PySpark DataFrame Essentials

These are the most common operations for data manipulation using PySpark DataFrames.

  • Prerequisite Import:

    from pyspark.sql.functions import col, sum, avg, count, when, lit
    import pyspark.sql.functions as F
    
  • Reading & Writing Data

    # Read from Delta Lake (default format)
    df = spark.read.table("my_catalog.my_schema.my_table")
    df = spark.read.format("delta").load("/path/to/delta_table")
    
    # Read from CSV
    df = spark.read.format("csv").option("header", "true").option("inferSchema", "true").load("/path/to/data.csv")
    
    # Write to Delta Lake
    df.write.format("delta").mode("overwrite").save("/path/to/delta_table")
    df.write.mode("overwrite").saveAsTable("my_catalog.my_schema.new_table")
    
  • Viewing & Inspecting Data

    # Show top 20 rows
    df.show()
    
    # Display in a rich, scrollable table (Databricks specific)
    display(df)
    
    # Print the schema (column names and types)
    df.printSchema()
    
    # Get the number of rows
    df.count()
    
  • Selecting & Renaming Columns

    # Select specific columns
    df.select("col1", "col2").show()
    
    # Rename a column
    df.withColumnRenamed("old_name", "new_name").show()
    
    # Select and rename (alias) at the same time
    df.select(col("col1").alias("new_name1"), col("col2")).show()
    
  • Filtering Rows

    # Using column expressions (recommended)
    df.filter(col("country") == "USA").show()
    df.filter((col("age") > 30) & (col("status") != "inactive")).show()
    
    # Using SQL syntax
    df.filter("country = 'USA' AND age > 30").show()
    
  • Adding & Modifying Columns

    # Add a new column with a literal value
    df.withColumn("new_col", lit("some_value")).show()
    
    # Derive a new column from existing ones
    df.withColumn("revenue", col("quantity") * col("price")).show()
    
    # Add a column conditionally using when/otherwise
    df.withColumn("age_group", when(col("age") < 18, "minor").otherwise("adult")).show()
    
  • Aggregations (Group By)

    # Group by a column and calculate aggregates
    df.groupBy("category") \
      .agg(
          sum("sales").alias("total_sales"),
          avg("price").alias("average_price")
      ).show()
    
  • Joining DataFrames

    # Inner join on a common key
    df1.join(df2, df1.user_id == df2.id, "inner").show()
    
    • Join Types: inner, left, right, full_outer, left_semi

Working with SQL

  • Register a DataFrame as a Temporary View:
    # Create a view that is only available in the current Spark session
    df.createOrReplaceTempView("my_temp_view")
    
  • Run SQL in a %sql Cell:
    %sql
    SELECT
      category,
      SUM(sales) as total_sales
    FROM my_temp_view
    WHERE region = 'North America'
    GROUP BY category
    ORDER BY total_sales DESC
    LIMIT 10;
    

Delta Lake Essentials

These commands leverage the power of the Delta Lake format.

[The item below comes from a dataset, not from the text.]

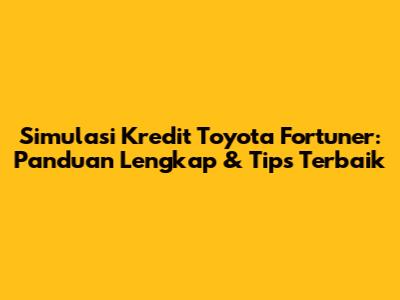 Simulasi Kredit Toyota Fortuner: Panduan Lengkap & Tips Terbaik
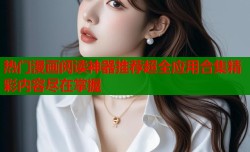 热门漫画阅读神器推荐超全应用合集精彩内容尽在掌握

  • Time Travel (Querying Historical Data):

    -- Query a table by version number
    SELECT * FROM my_delta_table VERSION AS OF 5;
    
    -- Query a table by timestamp
    SELECT * FROM my_delta_table TIMESTAMP AS OF '2023-10-27T10:00:00.000Z';
    
  • Merge (Upsert Operation):

    %sql
    MERGE INTO target_table t
    USING source_updates s
    ON t.id = s.id
    WHEN MATCHED THEN
      UPDATE SET t.value = s.value, t.last_updated = s.timestamp
    WHEN NOT MATCHED THEN
      INSERT (id, value, last_updated) VALUES (s.id, s.value, s.timestamp)
    
  • History & Maintenance:

    -- View the transaction history of a Delta table
    DESCRIBE HISTORY my_delta_table;
    
    -- Optimize the layout of small files into larger ones
    OPTIMIZE my_delta_table ZORDER BY (indexed_col);
    
    -- Clean up old data files that are no longer referenced (default retention is 7 days)
    VACUUM my_delta_table;
    

Databricks CLI

For automating tasks from your local terminal.

Command Description
databricks configure --token Set up authentication.
databricks workspace ls /path/ List workspace objects.
databricks workspace import ... Import a notebook file to the workspace.
databricks clusters list List available clusters.
databricks jobs create --json-file ... Create a new job from a JSON definition.
databricks jobs run-now --job-id ... Trigger a job run.